Pollution nearly 14 times the healthy limit

Oct 20, 2014
Outside Magazine

The number of micrograms of "particulate matter" in Beijing's air on the day of the marathon was 344; a healthy amount would be 25.    Hung_Chung_Chih/Thinkstock

Despite a government warning for people to avoid going outdoors due to heavy smog, roughly 30,000 participants ran in the 34th annual Beijing International Marathon on Sunday. 

According to the Atlantic, the Chinese capital registered 344 on the PM2.5 scale, which measures the micrograms of particulate matter per cubic meter. The World Health Organization deems 25 micrograms to be a healthy level.

The Beijing Municipal Environmental Monitoring Center warned people to stay indoors, but race organizers determined it was too late to postpone the event, with 46 percent of competitors traveling from abroad and other parts of China to run. Given that smog levels were nearly 14 times the healthy limit, some runners wore face masks to guard themselves against the pollution. Race organizers also placed sponges at course stations so the participants could wash off their skin. CNN reports that several runners withdrew before and during the race out of fear for their health.
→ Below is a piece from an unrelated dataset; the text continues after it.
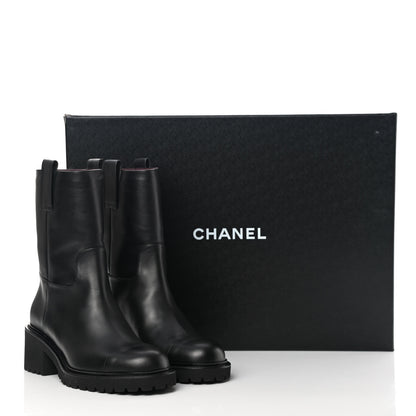 Chanel Calfskin CC Ankle Boots 38 Black 11 of 11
British runner Chas Pope dropped out after six miles because his mask was filthy, according to BBC News China. Pope also tweeted that the only warning of pollution from the organizers came late Saturday night, when they claimed there might be light to moderate haze. “It felt pretty ridiculous given we’re meant to be running for health and fitness,” he was quoted as saying by CNN.

Ethiopia’s Girhay Birhanu Gebru won the men’s race for the second year in a row with a time of 2 hours, 10 minutes, and 42 seconds, a little more than three minutes behind the course record. Fatuma Sado Dergo, also of Ethiopia, won the women’s competition in 2:30:03. So far, there have been no reports of serious health problems among the competitors.